Diagnosis UCSF 2017 Modified JCD MRI criteriaa
MRI definitely JCD DWIb > FLAIR cortical ribboningc hyperintensity in:
 1. Classic pathognomonic: cingulate,d striatum, and > 1 neocortical gyrus (often precuneus, angular, superior parietal, superior frontal, middle frontal, or lateral temporal gyrus)
  a. Supportive for subcorticale involvement:
   i. Striatum with decreasing anterior–posterior gradient
   ii. Corresponding ADC hypointensity
  b. Supportive for cortical involvement:
   i. Asymmetric involvement of midline neocortex or cingulated
   ii. Sparing of precentral gyrusf
   iii. Corresponding ADC cortical ribboning hypointensity
 2. Cortex only (> 3 gyri); see supportive for cortex (above)
MRI probably JCD  1. Unilateral striatum or cortex (≤ 3 gyri); see supportive for subcortical and cortex (above)
 2. Bilateral striatum (see supportive for subcortical) or posteromedial thalamus; see supportive for subcortical (above)
 3. DWI > FLAIR hyperintensities only in limbic areas, with corresponding ADC hypointensityg
MRI probably not JCD  1. Only FLAIR/DWI abnormalities only in limbic areas, where hyperintensity can be normal (e.g., insula, anterior cingulate, and hippocampi), and ADC map does not show corresponding restricted diffusion (hypointensity)
 2. DWI hyperintensities due to artifact (signal distortion); see other MRI issues (below)
 3. FLAIR > DWI hyperintensitiesh; see other MRI issues (below)
MRI definitely not JCD  1. Normal
 2. Abnormalities not consistent with JCD
Other MRI issues In prolonged courses of sJCD (~ >1 year), brain MRI might show significant atrophy with loss of DWI hyperintensity, particularly in areas previously with restricted diffusion.
To help distinguish abnormality from artifact, obtain b2000 diffusion sequences in multiple directions (e.g., axial and coronal).

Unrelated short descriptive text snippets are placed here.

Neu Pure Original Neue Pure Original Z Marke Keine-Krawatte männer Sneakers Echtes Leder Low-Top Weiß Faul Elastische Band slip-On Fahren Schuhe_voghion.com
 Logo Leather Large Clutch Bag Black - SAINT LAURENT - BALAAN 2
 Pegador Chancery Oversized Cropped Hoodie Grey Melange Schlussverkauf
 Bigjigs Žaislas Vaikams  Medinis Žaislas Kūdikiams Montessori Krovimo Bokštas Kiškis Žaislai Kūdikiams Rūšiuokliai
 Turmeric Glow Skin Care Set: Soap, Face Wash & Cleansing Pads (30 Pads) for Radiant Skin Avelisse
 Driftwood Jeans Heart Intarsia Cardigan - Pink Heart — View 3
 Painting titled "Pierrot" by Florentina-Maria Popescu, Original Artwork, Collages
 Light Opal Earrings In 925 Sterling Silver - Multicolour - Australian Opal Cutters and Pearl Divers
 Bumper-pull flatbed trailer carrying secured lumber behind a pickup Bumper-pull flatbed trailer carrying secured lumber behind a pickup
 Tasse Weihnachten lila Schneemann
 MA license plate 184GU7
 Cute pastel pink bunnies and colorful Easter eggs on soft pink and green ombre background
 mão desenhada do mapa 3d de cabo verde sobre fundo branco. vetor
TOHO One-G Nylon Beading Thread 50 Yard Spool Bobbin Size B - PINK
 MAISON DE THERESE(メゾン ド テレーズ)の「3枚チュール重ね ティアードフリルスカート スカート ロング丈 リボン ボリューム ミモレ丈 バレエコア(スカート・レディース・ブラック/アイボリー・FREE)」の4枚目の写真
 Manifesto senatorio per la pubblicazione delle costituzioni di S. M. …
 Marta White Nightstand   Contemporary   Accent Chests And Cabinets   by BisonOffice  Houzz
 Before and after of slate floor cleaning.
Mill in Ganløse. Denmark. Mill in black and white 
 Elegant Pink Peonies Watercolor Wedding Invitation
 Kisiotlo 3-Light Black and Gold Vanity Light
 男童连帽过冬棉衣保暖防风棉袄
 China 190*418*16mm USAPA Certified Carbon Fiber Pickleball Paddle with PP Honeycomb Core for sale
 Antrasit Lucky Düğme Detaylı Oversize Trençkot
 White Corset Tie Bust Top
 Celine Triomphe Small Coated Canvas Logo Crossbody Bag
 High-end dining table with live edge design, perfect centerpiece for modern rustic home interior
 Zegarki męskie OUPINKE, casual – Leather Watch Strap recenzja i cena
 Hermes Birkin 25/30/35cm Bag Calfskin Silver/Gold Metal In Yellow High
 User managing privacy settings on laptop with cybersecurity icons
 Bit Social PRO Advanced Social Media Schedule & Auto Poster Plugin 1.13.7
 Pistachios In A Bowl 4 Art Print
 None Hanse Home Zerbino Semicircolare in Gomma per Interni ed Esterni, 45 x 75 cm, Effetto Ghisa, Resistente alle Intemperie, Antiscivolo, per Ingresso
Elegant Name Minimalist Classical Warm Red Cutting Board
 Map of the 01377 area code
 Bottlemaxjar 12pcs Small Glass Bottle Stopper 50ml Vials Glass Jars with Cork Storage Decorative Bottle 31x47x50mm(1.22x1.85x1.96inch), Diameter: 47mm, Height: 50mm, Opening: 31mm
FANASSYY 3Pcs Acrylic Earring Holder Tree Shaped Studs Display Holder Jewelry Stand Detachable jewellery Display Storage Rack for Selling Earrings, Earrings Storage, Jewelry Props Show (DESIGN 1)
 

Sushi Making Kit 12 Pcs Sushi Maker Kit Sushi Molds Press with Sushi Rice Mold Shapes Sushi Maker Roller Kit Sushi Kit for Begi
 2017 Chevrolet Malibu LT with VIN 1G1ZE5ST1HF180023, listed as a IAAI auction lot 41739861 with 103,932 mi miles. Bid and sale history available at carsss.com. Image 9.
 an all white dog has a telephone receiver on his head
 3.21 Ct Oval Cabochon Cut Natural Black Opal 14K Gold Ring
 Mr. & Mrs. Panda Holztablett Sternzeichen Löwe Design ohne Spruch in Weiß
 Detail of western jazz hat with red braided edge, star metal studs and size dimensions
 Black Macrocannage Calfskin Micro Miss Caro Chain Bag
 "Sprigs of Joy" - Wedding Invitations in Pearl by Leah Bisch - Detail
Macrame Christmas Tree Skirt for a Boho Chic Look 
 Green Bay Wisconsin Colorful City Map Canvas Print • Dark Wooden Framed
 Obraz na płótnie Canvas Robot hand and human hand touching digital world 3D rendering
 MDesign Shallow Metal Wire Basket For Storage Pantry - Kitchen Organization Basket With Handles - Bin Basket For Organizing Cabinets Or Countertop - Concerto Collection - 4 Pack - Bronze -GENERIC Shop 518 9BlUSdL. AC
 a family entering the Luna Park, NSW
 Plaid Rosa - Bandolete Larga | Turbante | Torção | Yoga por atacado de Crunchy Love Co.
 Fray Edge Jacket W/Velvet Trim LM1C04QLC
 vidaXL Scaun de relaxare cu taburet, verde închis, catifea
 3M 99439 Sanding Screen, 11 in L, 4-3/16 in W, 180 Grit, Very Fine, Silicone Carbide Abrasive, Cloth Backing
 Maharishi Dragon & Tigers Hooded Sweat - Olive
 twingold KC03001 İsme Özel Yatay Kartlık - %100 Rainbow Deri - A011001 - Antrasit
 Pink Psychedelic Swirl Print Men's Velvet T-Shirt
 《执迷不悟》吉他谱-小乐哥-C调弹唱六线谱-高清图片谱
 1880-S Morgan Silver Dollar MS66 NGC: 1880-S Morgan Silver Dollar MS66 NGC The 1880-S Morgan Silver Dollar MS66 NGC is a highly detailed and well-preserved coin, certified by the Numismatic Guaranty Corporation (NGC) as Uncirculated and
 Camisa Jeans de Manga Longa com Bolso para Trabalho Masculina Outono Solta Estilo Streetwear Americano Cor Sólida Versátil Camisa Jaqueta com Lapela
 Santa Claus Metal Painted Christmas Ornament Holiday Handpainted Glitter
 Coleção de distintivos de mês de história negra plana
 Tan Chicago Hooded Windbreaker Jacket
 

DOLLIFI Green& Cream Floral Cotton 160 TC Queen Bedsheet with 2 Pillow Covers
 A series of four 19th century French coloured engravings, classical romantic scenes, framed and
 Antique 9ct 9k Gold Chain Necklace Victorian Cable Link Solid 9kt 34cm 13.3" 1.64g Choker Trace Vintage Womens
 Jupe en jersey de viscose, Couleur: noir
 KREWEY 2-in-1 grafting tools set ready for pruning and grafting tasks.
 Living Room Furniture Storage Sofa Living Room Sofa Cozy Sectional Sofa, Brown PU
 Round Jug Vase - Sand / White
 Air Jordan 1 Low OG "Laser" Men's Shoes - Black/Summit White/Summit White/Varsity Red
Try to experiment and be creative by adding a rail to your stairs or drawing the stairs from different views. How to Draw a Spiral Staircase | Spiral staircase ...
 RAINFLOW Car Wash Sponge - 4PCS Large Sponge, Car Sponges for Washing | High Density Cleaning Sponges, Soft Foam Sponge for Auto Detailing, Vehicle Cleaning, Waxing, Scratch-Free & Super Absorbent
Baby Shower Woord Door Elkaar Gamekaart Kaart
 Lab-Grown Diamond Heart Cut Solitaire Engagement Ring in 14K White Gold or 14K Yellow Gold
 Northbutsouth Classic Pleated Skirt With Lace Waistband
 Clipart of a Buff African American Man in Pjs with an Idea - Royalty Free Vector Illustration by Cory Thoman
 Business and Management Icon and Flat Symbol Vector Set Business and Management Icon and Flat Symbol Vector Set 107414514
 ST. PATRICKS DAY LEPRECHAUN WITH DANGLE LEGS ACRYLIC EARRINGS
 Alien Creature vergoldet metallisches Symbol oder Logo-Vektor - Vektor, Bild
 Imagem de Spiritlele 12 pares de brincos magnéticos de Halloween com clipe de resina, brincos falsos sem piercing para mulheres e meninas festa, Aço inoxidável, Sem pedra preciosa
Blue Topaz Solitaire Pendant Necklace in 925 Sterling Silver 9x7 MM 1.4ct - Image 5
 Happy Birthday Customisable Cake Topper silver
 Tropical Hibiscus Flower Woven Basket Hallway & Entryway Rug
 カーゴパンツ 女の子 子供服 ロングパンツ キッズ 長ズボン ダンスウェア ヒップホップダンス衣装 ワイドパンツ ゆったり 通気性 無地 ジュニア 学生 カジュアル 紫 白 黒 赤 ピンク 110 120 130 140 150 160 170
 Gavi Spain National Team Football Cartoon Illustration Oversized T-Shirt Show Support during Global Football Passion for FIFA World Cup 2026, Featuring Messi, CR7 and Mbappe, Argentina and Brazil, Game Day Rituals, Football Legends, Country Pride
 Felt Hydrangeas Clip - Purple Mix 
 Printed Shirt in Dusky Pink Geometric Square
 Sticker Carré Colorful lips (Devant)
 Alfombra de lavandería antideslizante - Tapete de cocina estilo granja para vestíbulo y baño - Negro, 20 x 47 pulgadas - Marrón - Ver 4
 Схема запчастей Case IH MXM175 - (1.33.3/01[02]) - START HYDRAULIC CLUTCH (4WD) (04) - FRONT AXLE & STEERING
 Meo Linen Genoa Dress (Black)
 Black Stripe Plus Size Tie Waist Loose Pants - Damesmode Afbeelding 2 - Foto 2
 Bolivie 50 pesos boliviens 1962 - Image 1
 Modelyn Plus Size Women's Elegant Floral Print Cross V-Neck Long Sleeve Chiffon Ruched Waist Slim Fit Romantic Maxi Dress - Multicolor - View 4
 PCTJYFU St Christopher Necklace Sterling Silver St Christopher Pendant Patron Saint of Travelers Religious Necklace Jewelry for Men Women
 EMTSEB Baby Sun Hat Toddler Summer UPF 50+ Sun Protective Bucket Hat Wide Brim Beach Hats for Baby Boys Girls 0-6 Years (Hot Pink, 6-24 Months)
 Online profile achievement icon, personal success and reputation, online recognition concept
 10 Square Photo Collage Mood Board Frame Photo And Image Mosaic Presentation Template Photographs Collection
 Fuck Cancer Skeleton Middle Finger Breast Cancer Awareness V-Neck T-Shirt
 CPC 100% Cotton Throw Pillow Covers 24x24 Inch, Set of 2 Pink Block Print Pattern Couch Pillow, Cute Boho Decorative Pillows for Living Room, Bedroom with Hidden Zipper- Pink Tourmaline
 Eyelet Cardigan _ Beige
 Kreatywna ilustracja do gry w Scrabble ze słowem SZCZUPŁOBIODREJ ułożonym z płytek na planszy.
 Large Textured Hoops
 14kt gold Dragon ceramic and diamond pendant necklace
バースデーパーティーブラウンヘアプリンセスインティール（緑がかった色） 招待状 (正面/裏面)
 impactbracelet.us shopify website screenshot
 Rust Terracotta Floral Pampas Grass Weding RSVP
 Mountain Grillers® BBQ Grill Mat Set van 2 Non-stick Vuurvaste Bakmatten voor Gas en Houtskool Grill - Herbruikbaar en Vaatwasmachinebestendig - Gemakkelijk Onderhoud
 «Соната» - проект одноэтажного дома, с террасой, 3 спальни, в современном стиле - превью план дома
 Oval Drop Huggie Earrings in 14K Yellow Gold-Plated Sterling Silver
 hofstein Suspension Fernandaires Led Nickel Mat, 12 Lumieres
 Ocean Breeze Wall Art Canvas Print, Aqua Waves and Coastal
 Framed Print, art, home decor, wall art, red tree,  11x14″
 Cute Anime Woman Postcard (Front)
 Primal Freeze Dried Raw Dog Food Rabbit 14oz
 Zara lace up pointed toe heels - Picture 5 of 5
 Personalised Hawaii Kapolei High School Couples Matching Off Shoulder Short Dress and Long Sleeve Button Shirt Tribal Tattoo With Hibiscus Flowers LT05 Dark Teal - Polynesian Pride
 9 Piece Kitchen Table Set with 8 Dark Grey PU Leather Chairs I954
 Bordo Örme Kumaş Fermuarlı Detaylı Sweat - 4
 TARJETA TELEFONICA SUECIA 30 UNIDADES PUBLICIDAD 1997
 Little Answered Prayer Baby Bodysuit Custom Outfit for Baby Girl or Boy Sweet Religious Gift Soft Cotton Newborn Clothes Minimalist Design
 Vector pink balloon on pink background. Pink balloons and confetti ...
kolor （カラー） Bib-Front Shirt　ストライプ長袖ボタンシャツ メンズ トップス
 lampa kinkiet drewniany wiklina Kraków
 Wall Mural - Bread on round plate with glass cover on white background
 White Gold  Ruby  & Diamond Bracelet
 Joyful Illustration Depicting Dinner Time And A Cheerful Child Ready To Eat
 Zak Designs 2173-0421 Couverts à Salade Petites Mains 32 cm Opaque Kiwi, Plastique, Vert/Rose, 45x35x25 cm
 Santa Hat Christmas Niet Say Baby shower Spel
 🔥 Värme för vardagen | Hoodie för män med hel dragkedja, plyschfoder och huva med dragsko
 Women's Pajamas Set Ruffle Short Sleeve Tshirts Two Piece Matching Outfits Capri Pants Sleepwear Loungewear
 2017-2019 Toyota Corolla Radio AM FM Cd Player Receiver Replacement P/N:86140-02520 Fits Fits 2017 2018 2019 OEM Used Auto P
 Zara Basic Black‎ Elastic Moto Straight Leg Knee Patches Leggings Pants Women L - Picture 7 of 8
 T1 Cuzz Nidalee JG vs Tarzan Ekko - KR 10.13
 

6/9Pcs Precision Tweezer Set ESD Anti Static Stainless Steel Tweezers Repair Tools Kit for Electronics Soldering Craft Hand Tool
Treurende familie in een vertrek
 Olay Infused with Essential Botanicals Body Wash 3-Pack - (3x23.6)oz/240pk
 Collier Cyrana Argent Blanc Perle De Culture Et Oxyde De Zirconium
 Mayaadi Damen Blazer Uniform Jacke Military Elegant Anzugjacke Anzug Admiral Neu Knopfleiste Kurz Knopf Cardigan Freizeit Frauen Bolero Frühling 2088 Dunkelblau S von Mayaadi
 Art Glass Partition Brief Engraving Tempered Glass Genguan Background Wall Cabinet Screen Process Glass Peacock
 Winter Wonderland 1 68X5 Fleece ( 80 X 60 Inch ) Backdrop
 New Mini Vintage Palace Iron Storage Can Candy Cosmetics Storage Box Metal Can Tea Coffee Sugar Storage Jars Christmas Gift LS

Abbreviations: ADC, apparent diffusion coefficient; DWI, diffusion-weighted imaging; FLAIR, fluid-attenuated inversion recovery; JCD, Jakob–Creutzfeldt disease; MRI, magnetic resonance imaging.

a

Modified from Vitali et al 2011.215

b

Recommended minimum standard diffusion sequence parameters to best identify cortical ribboning: axial and coronal DWI/ADC b = 1000 second cm2 or b = 2000 second cm2, depending on scanner field strength and capabilities to achieve satisfactory image quality. At 3T, b = 2000 may be preferred due to higher contrast to background for abnormal gray matter diffusion.

c

Involvement of cortical gray matter with sparing of underlying or adjacent white matter.

d

Mid and posterior cingulate preferred over anterior due to anterior air-brain artifact especially on axial acquisition (anterior acceptable if coronal acquisition). Can be symmetric, but if so prefer ADC hypointensity correlate.

e

Subcortical = deep nuclei, in decreasing order of frequency caudate, putamen, thalamus (posteriomedial or diffuse), globus pallidus (rare). ADC often shows corresponding and earlier involvement than DWI.

f

If precentral gyrus is preferentially involved consider nonprion diagnoses (e.g., seizures and Wernicke’s).

g

DWI > FLAIR with reduced ADC in limbic or other cortical regions also can occur in HSV encephalitis360,361 and seizures362,363 depending on clinical picture, these should be ruled out.